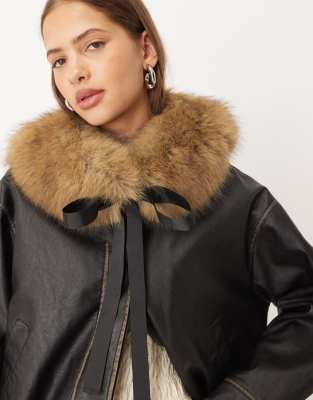 ASOS DESIGN - Kurzer Kragen aus Kunstpelz in Natur-Neutral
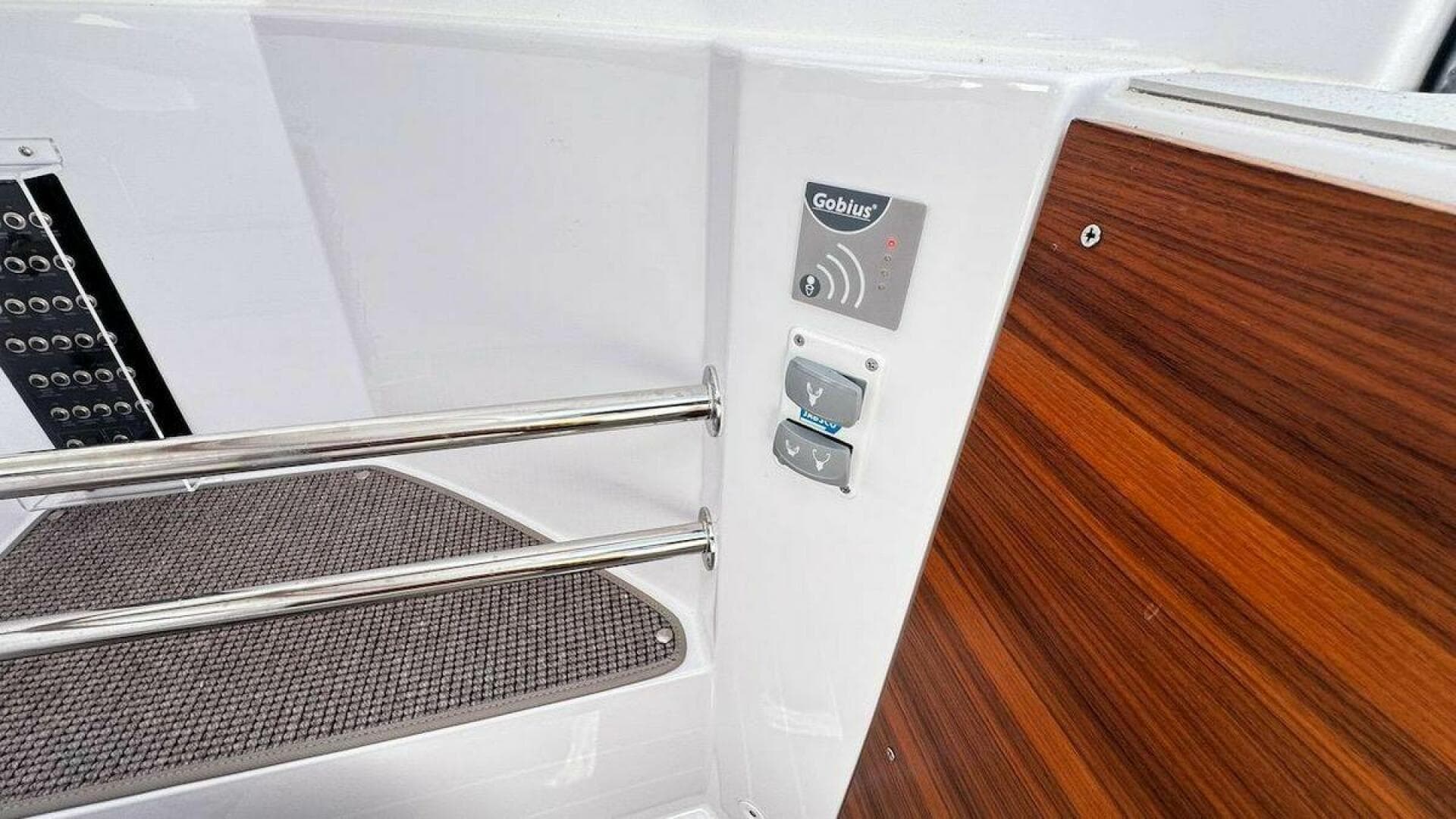 2022 Axopar 28 T-Top — photo 27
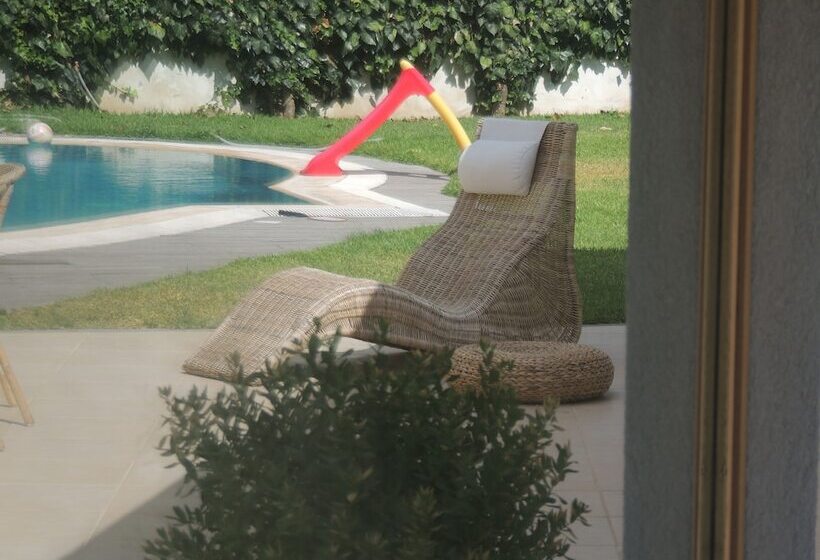 پانسیون Guest House Ara Town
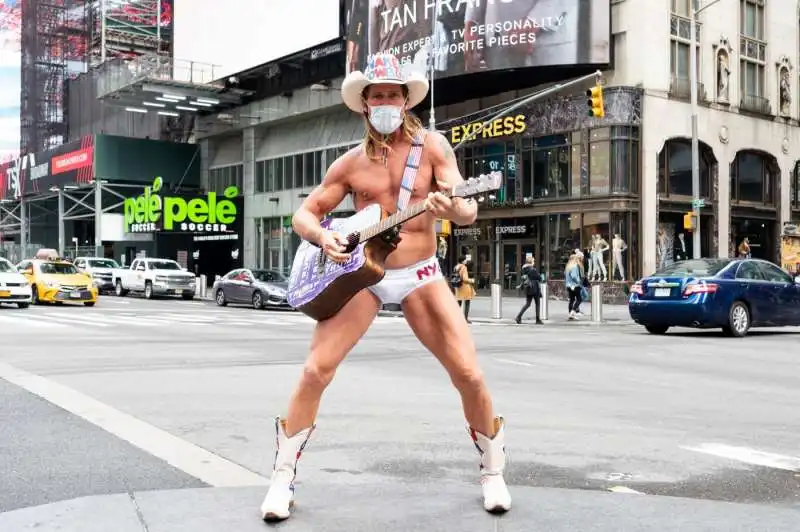 Un Cowboy con mascherina si esibisce a Times Square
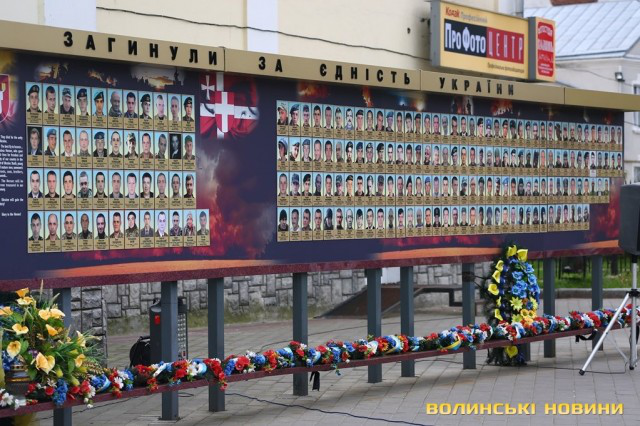 Лучани вшанували пам'ять бійців, загиблих під Волновахою (відео)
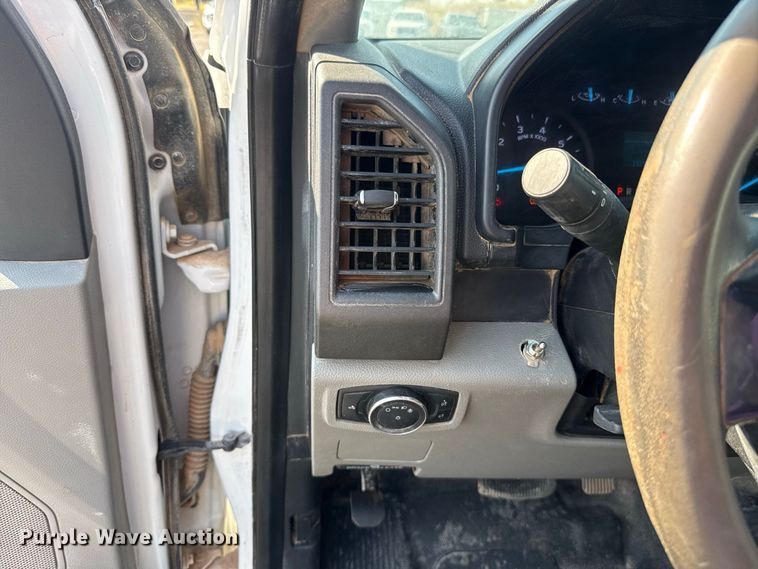image for item FC4231 2019 Ford F250 Super Duty Ext. Cab pickup truck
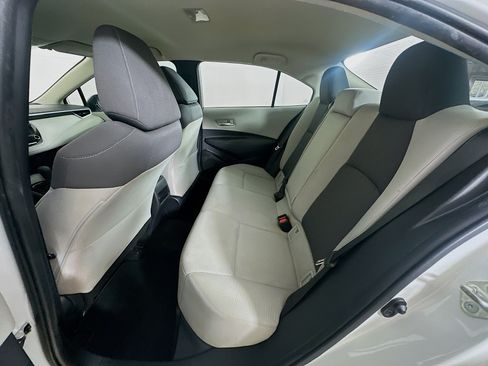 Used 2020 Toyota Corolla LE FWD image 26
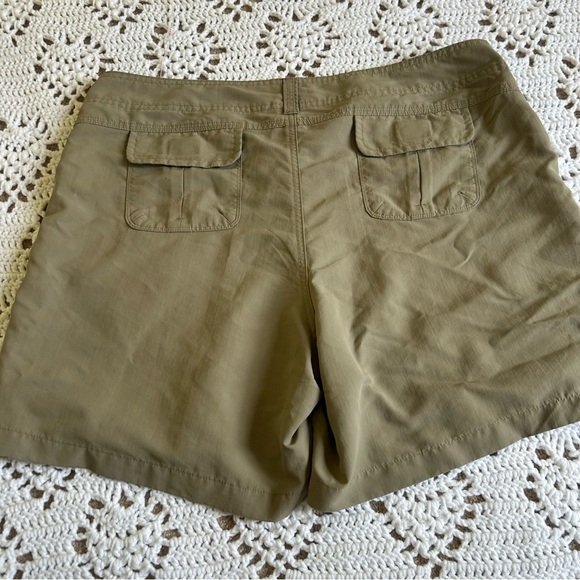 Women’s Bimini Bay Outfitters Performance Wear Sz 16 Khaki Shorts - Picture 5 of 8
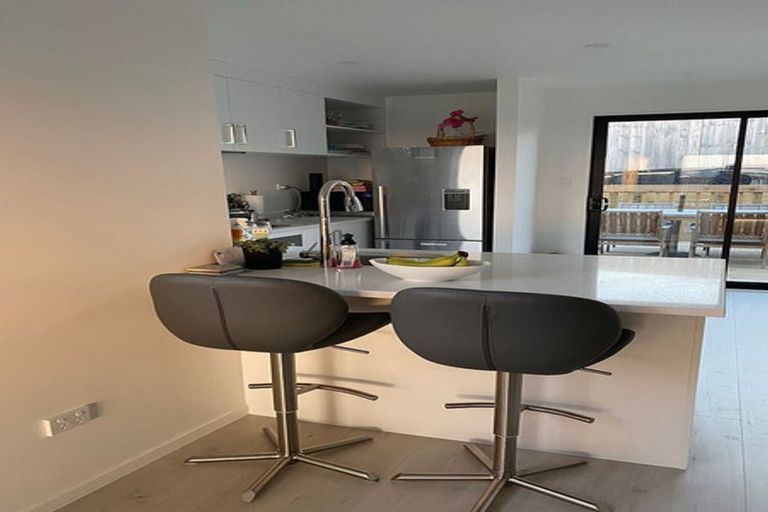 Photo of property in 36a Poruru Close, Papakura, 2110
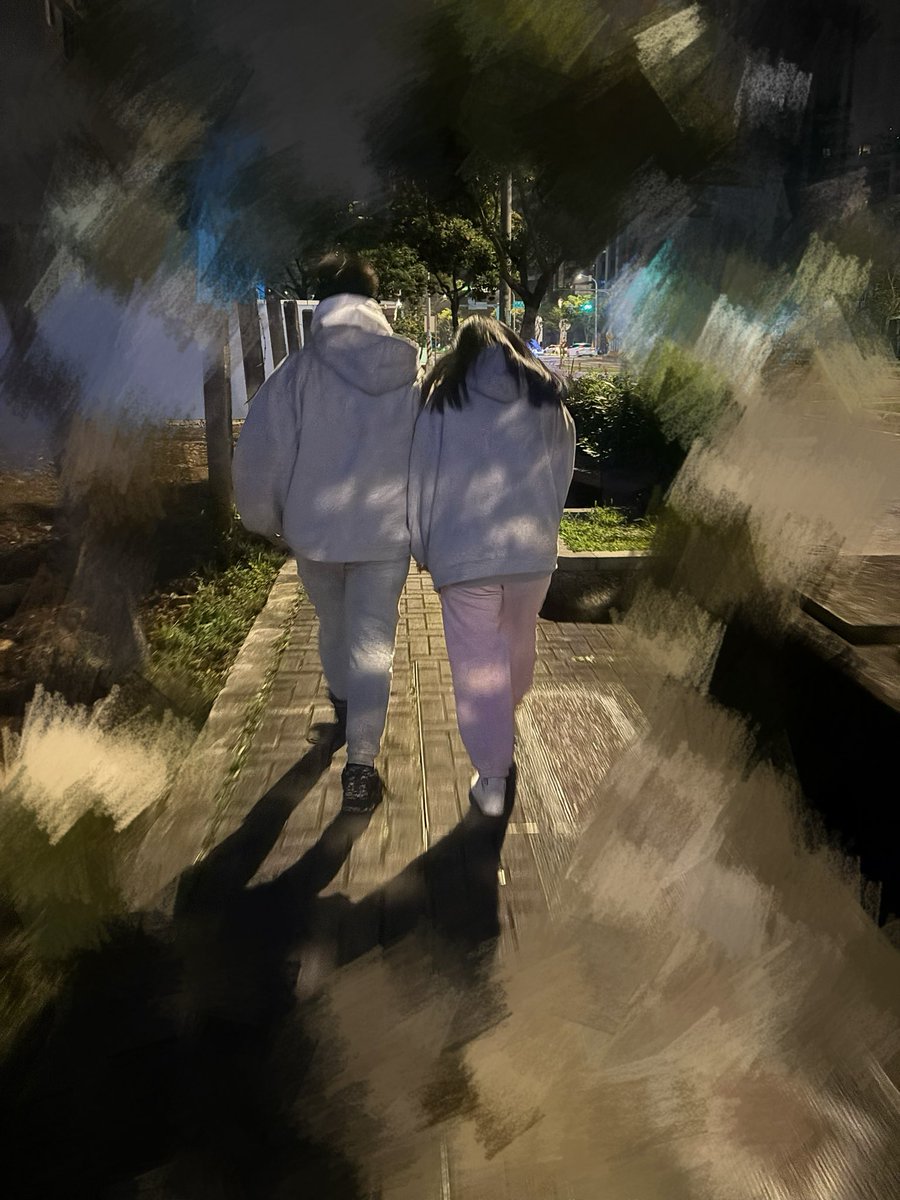 可撥仔只能跟在我弟和他女朋友後面去看煙火== https://t.co/f5eEHMPERv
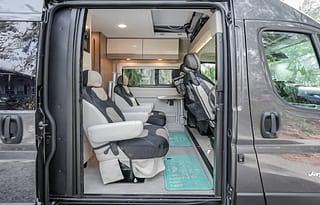 Tayler Swift 20D Van ROOF TENT Sleeps4  2024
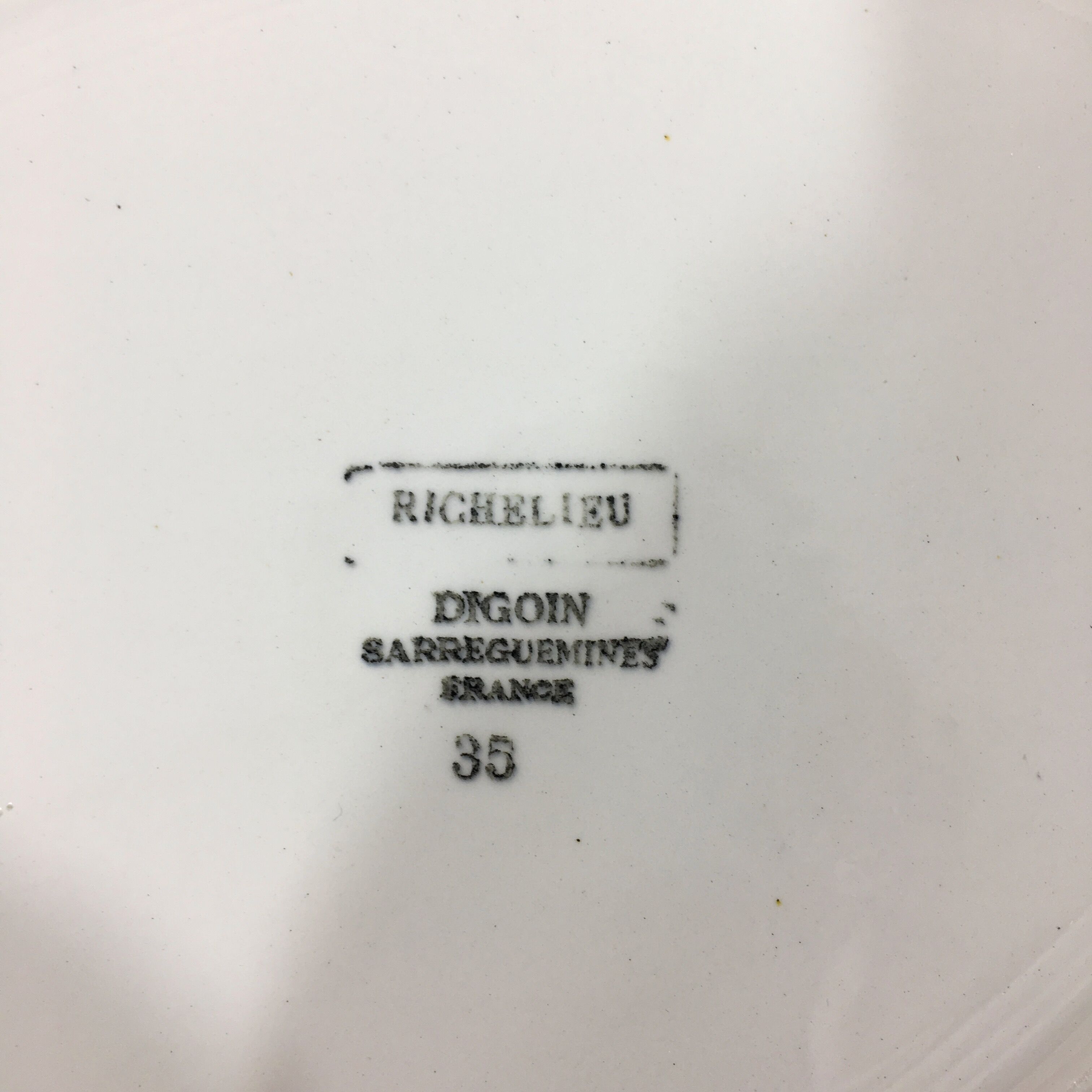 Flat oval Digoin model Richelieu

• _EXERCISE GOAL_:
Could you transcribe exactly the lines from the start of the records through the line containing "可撥仔只能跟在我弟和他女朋友", both ends included, leaving the pictures out?

• _RESPONSE BELOW_:
 ASOS DESIGN - Kurzer Kragen aus Kunstpelz in Natur-Neutral
 2022 Axopar 28 T-Top — photo 27
 پانسیون Guest House Ara Town
 Un Cowboy con mascherina si esibisce a Times Square
 Лучани вшанували пам'ять бійців, загиблих під Волновахою (відео)
image for item FC4231 2019 Ford F250 Super Duty Ext. Cab pickup truck
 Used 2020 Toyota Corolla LE FWD image 26
 Women’s Bimini Bay Outfitters Performance Wear Sz 16 Khaki Shorts - Picture 5 of 8
 Photo of property in 36a Poruru Close, Papakura, 2110
 可撥仔只能跟在我弟和他女朋友後面去看煙火== https://t.co/f5eEHMPERv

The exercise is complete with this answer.